===== Extracted entries =====

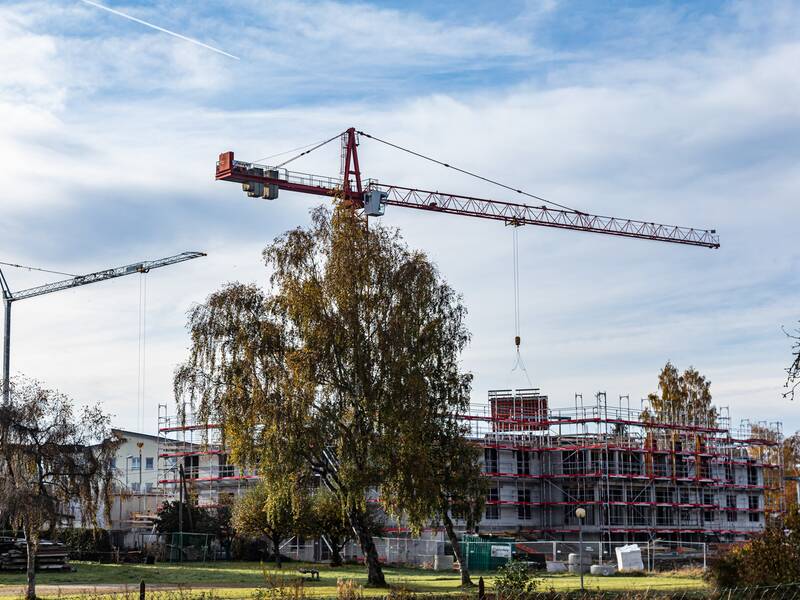 Zwei gelbe Baukräne bei einer Baustelle für ein Haus.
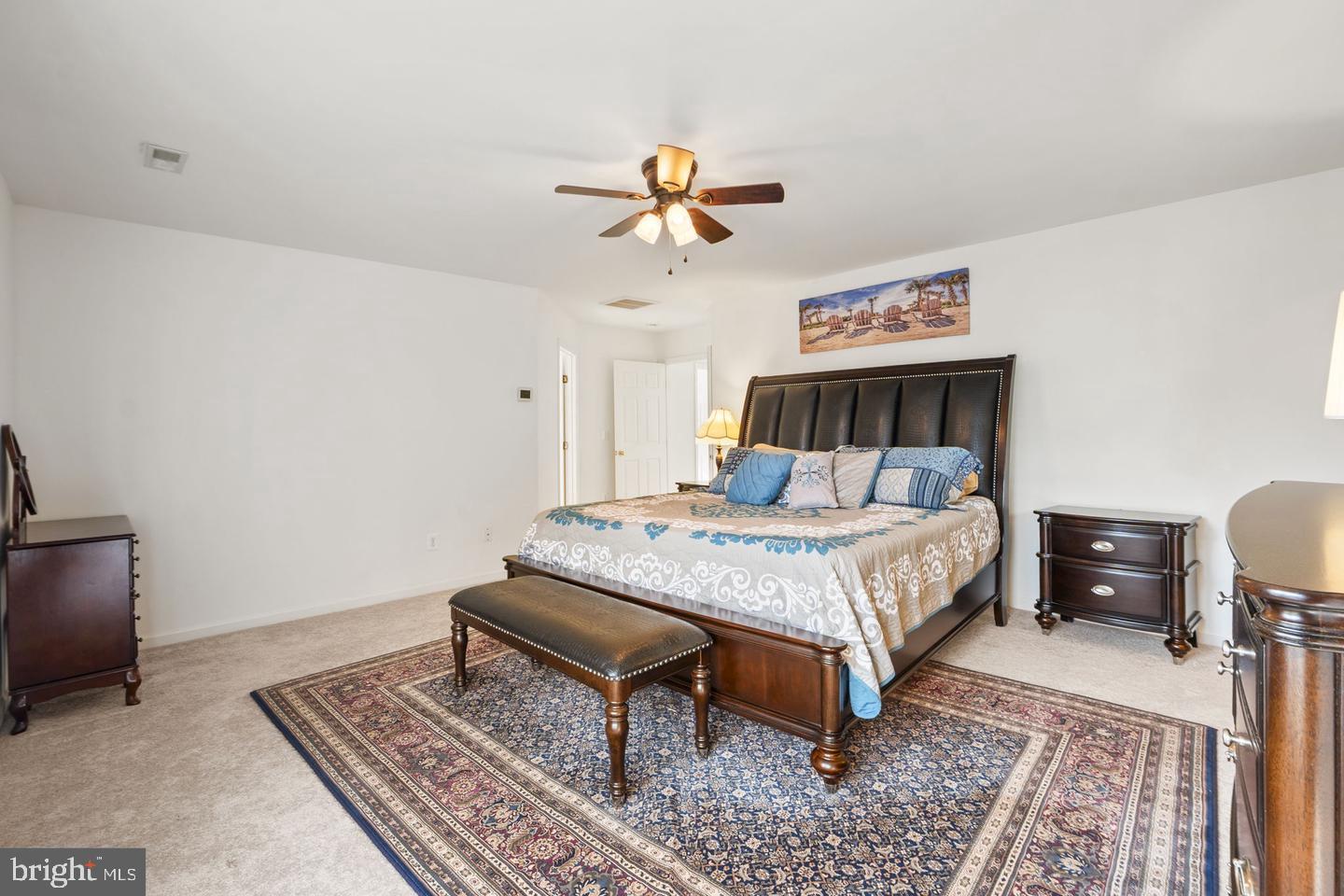 6528 Atkins Way Gainesville, VA 20155 - Photo 22 of 42 a bed sitting in a bedroom next to a lamp
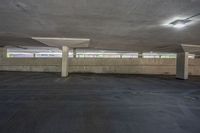 there is a empty parking garage with no cars parked on the pavement in it, and an empty parking area at one end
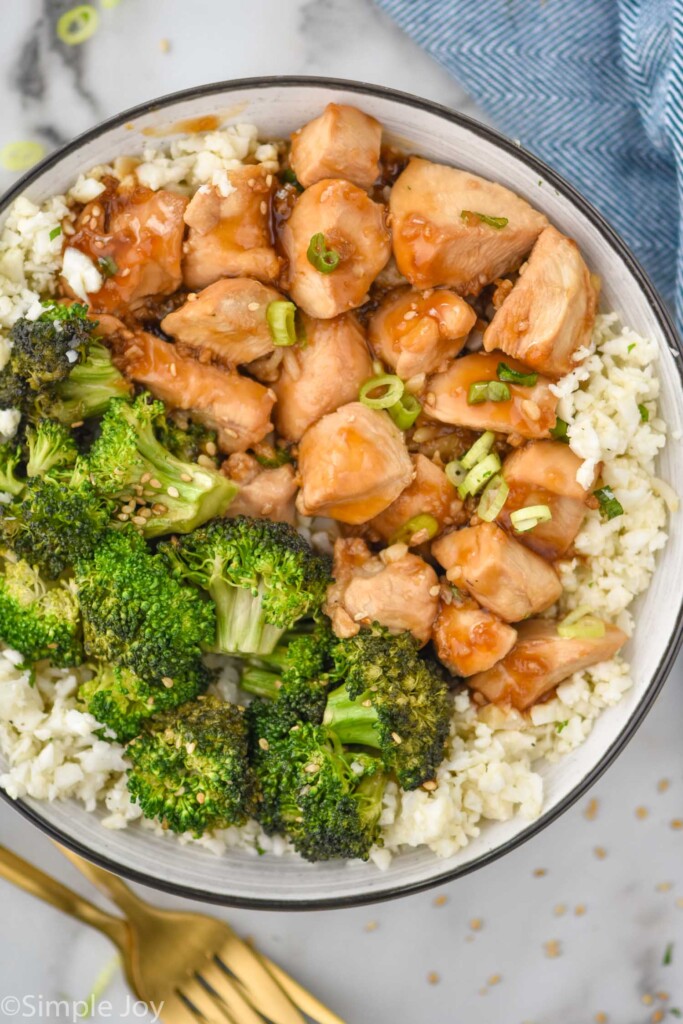 Overhead photo of teriyaki chicken bowl served with broccoli and rice.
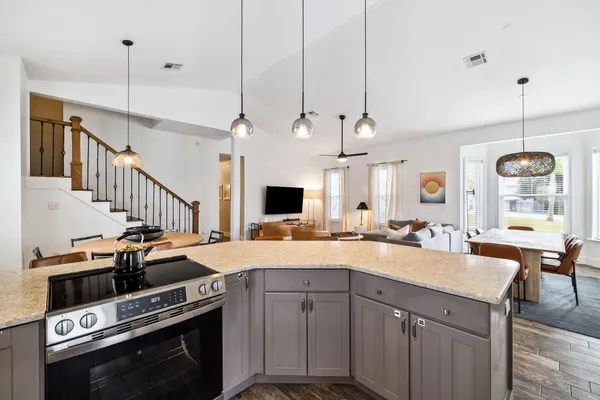 a kitchen with sink and stove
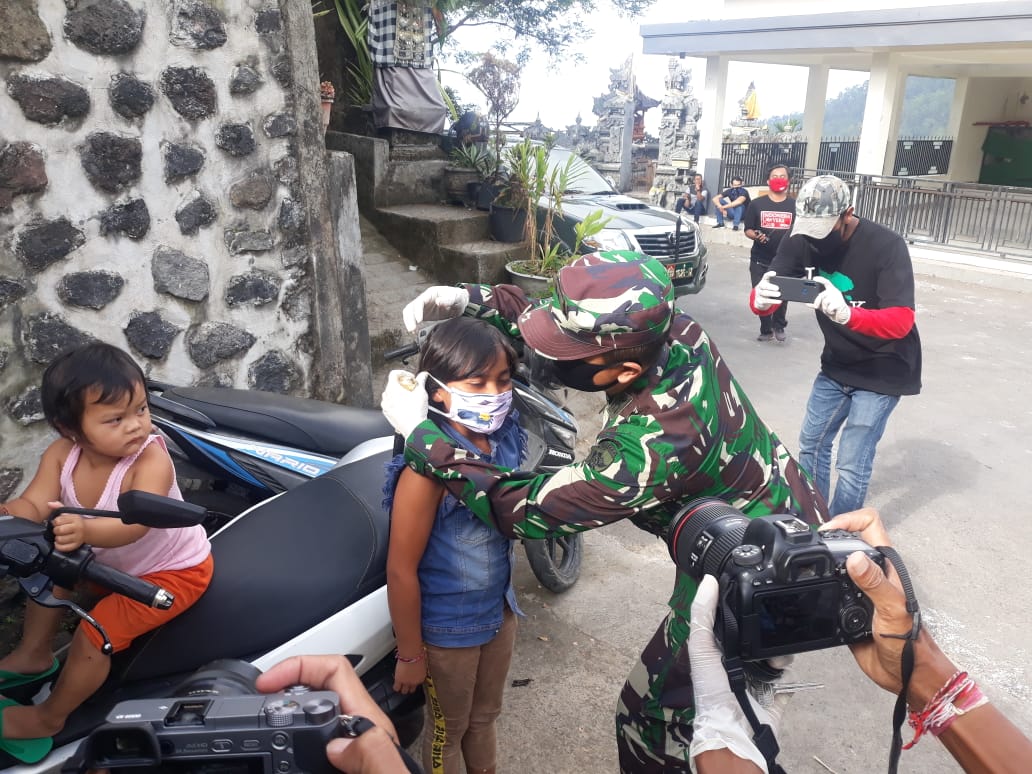 Seorang TNI membantu seorang anak di Banjar Serokadan, Bangli, Bali memakai masker, Sabtu (16/5/2020).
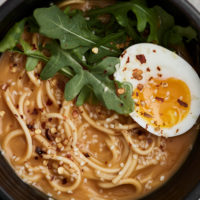 Black bowl filled with noodles, orange broth, arugula, and an egg sliced in half on a light grey background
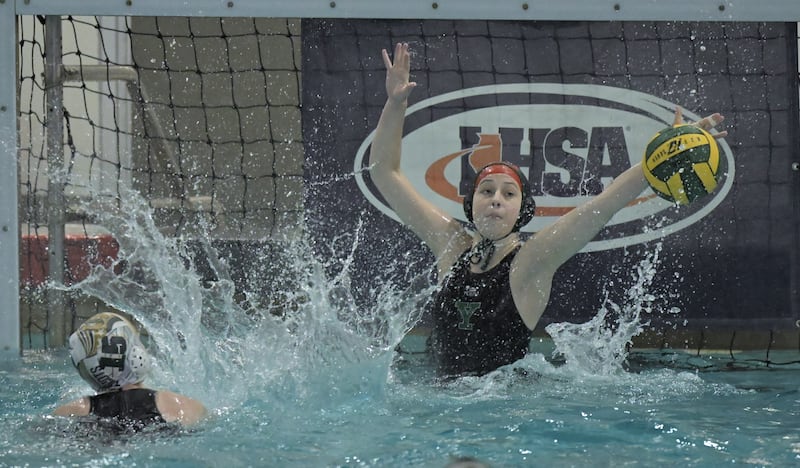 Stevenson’s Shanee Sheinman scores against York’s Caroline Lemeka at the IHSA Girls State Water Polo Championship in Barrington on Saturday, May 23, 2026.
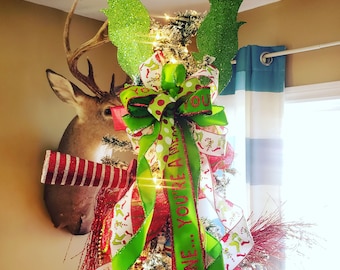 May include: A Christmas tree decorated with Grinch-themed ornaments. The tree features green, glittery Grinch arms and red Santa hats attached to the ceiling. A large green and red bow with the text "You're a mean one" adorns the top.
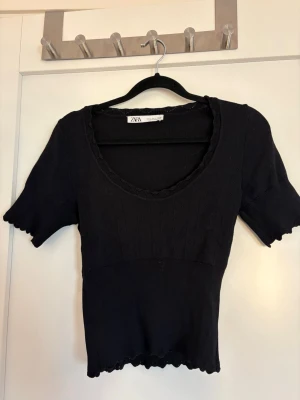 Svart ribbad topp från Zara - Snygg svart ribbad topp från Zara med korta ärmar och v-ringad hals. Toppen har vågiga kanter vid ärmslut och nederkant samt en figurnära passform. Perfekt att matcha med jeans eller kjol för en trendig look.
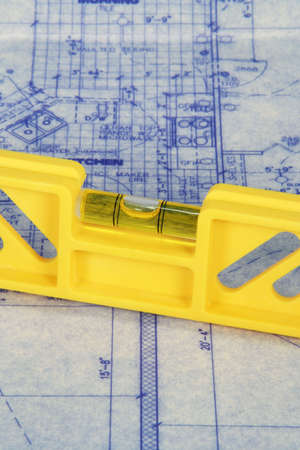 yellow level laying on blueprints
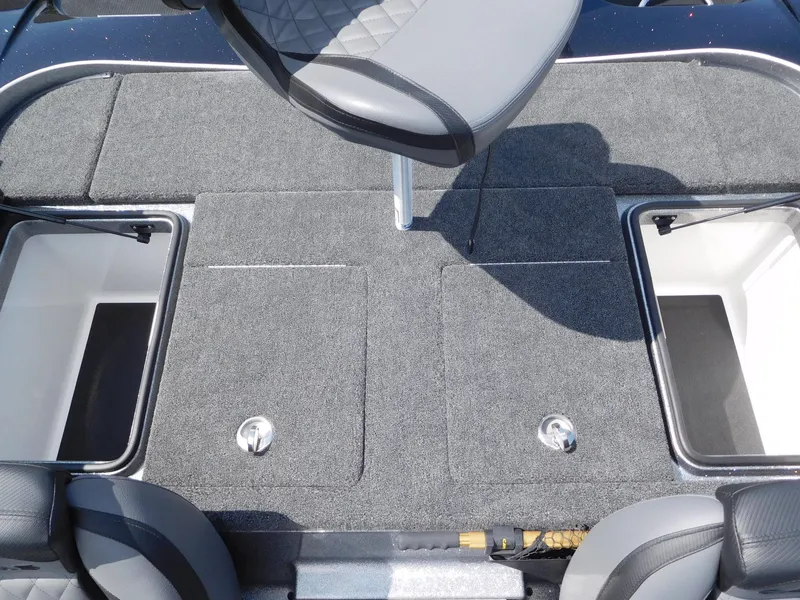 Slide: The Image of 2025 Caymas CX 21 PRO boat interior with storage compartments and seating. - 7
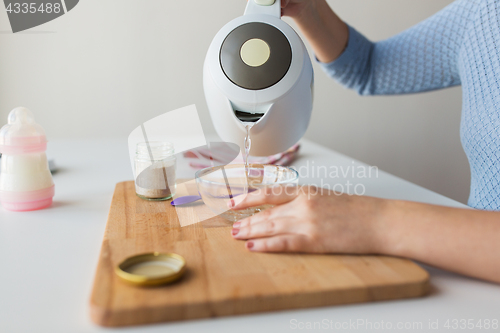 Image of mother pouring water into bowl for baby cereal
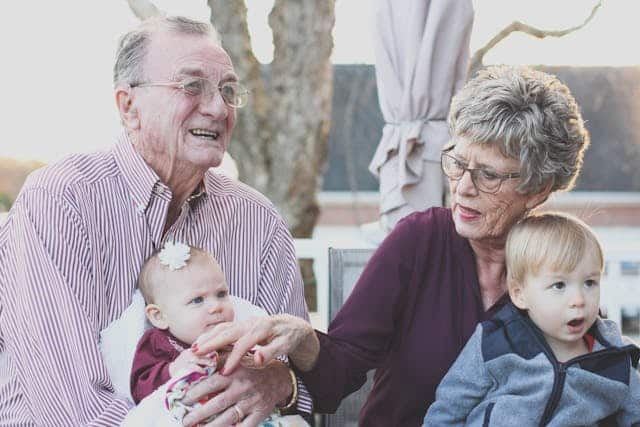 An older couple representing the large portion of Australians who are baby boomers sit on a patio with their two grandchildren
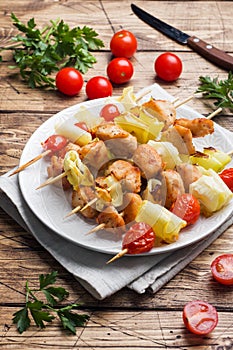 Kebab chicken, zucchini and tomatoes on skewers in a plate. Wooden table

=====

▸ Exercise objective
When the line that holds "Svart ribbad topp från Zara - Snygg" is reached, begin duplicating exactly, and continue through the last line of the listing, skipping the pictures; output nothing else.

▸ Answer area
 Svart ribbad topp från Zara - Snygg svart ribbad topp från Zara med korta ärmar och v-ringad hals. Toppen har vågiga kanter vid ärmslut och nederkant samt en figurnära passform. Perfekt att matcha med jeans eller kjol för en trendig look.
 yellow level laying on blueprints
 Slide: The Image of 2025 Caymas CX 21 PRO boat interior with storage compartments and seating. - 7
 Image of mother pouring water into bowl for baby cereal
 An older couple representing the large portion of Australians who are baby boomers sit on a patio with their two grandchildren
 Kebab chicken, zucchini and tomatoes on skewers in a plate. Wooden table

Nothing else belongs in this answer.